Contacts, unless your eye-sight is too far gone to use them.


----------



## harry2110 (Jun 11, 2008)

pretty much -23 power only glasses/ contacts or glasses alone


----------



## Beastcub (Jun 11, 2008)

i wear glasses and i make my masks to work with them.
make the mask with extra room inside for the glasses and be sure to have as much ventialtion as possible and work the snout so as you can hide a fan in the upper jaw and have it blow on your face.

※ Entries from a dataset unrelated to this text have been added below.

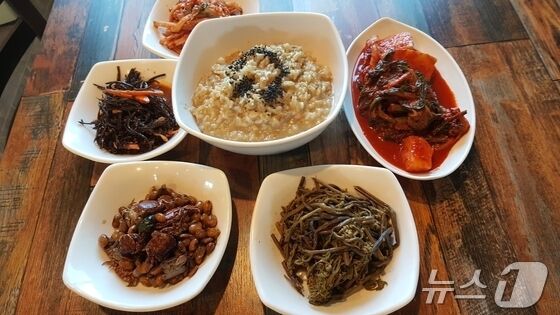 제주도, 전통음식문화 계승할 명인·장인 찾는다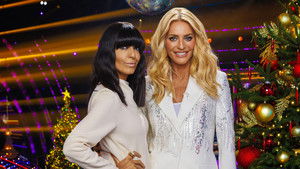 Poster for Christmas Special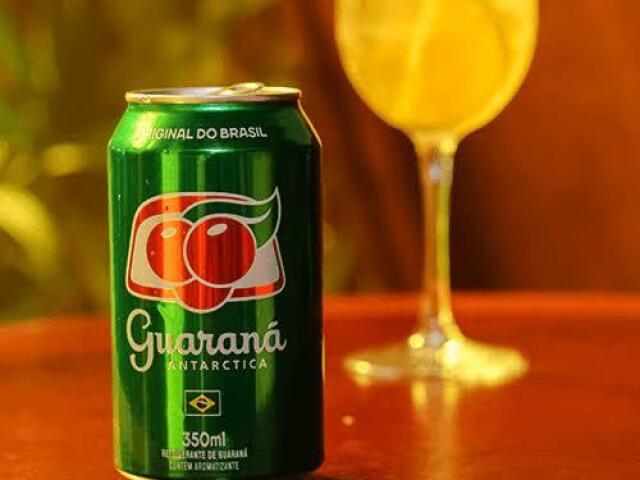 Guaraná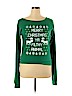 Assorted Brands Green Sweatshirt Size XL - photo 1
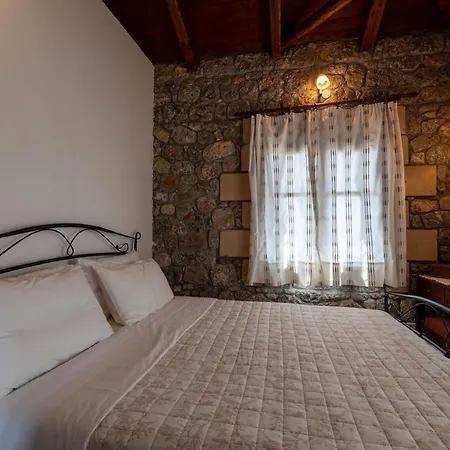 Apart Otel Myrto Villas Stoúpa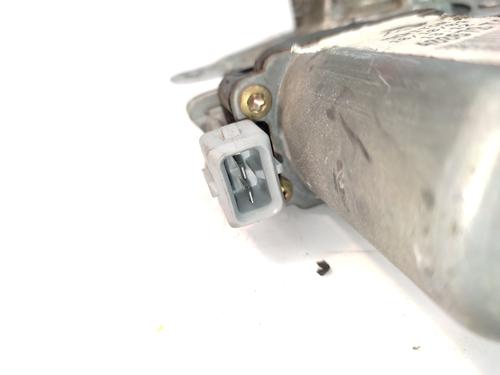 Front right window mechanism CITROËN SAXO (S0, S1)  | BP21152243C23 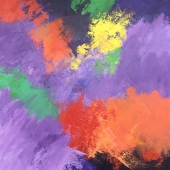 Cyndy Baran - “Healing from Sorrow” – http://www.cyndybaranstudio.com/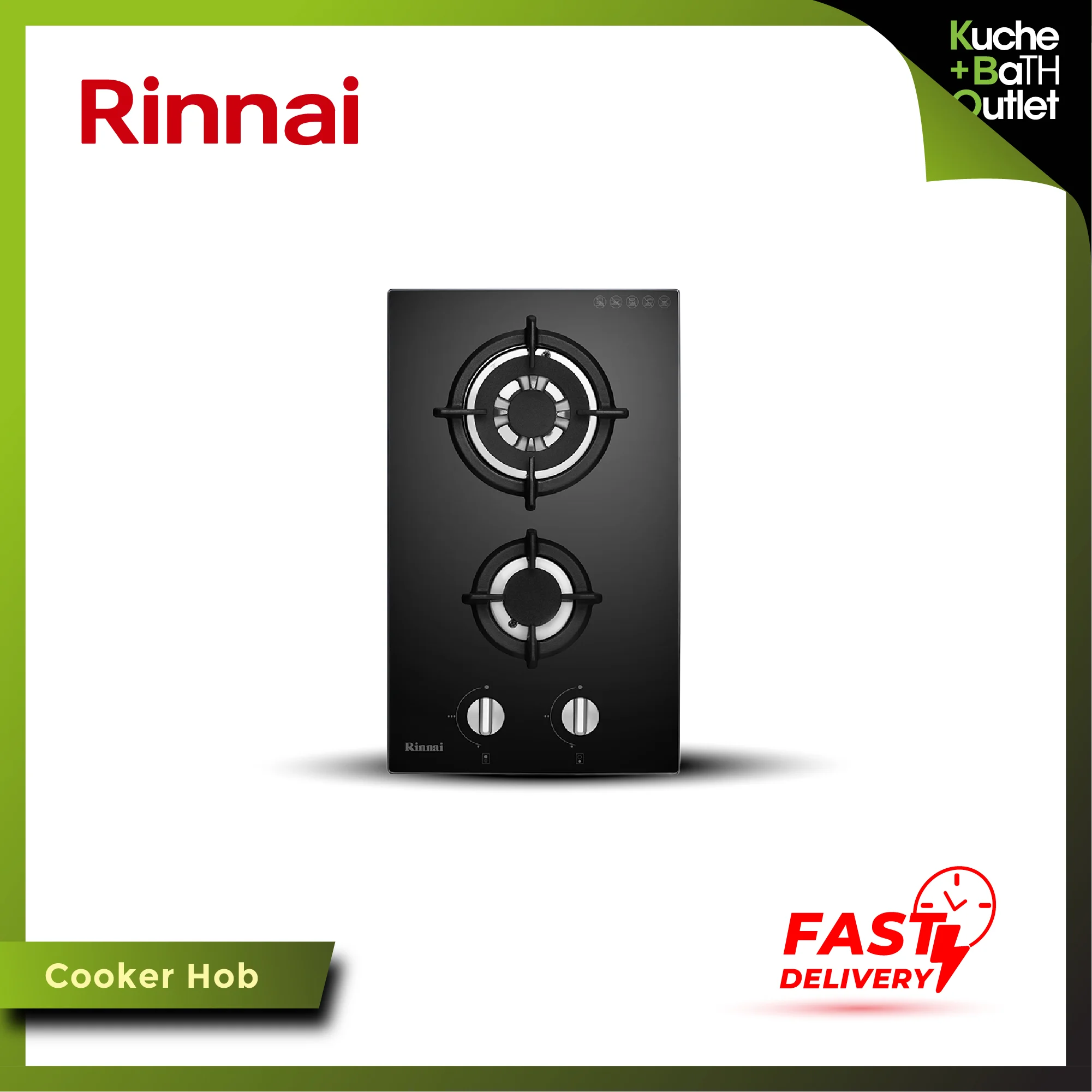 RINNAI-RB-3312S-GBS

my cat mask is overlu large and was made on a bike helmet, i have 5 inches of room in front of my face and the cat face is mostly mesh so the mask is well venitlated.


----------



## CombatRaccoon (Jun 11, 2008)

yea I wear relatively thick glasses and they fit very well in my mask, even with my 3-d eyes. I just built the front of the head out further to fit them. 

I worried about this too when i first started on my mask. But don't worry, its quite possible to fit them in there. The only bad thnig is fogging, but even in a hot balaclava mask that is minimal.


----------



## harry2110 (Jun 14, 2008)

I was wondering about them fogging because at almost ever opportunity they will fog up.


----------



## Beastcub (Jun 14, 2008)

harry2110 said:


> I was wondering about them fogging because at almost ever opportunity they will fog up.




direct a fan at your face, hide it in the muzzle of the costume
walmart sells "necklace fans" they are perfectly shaped for the job


----------



## harry2110 (Jun 16, 2008)

Thanks for all the help


----------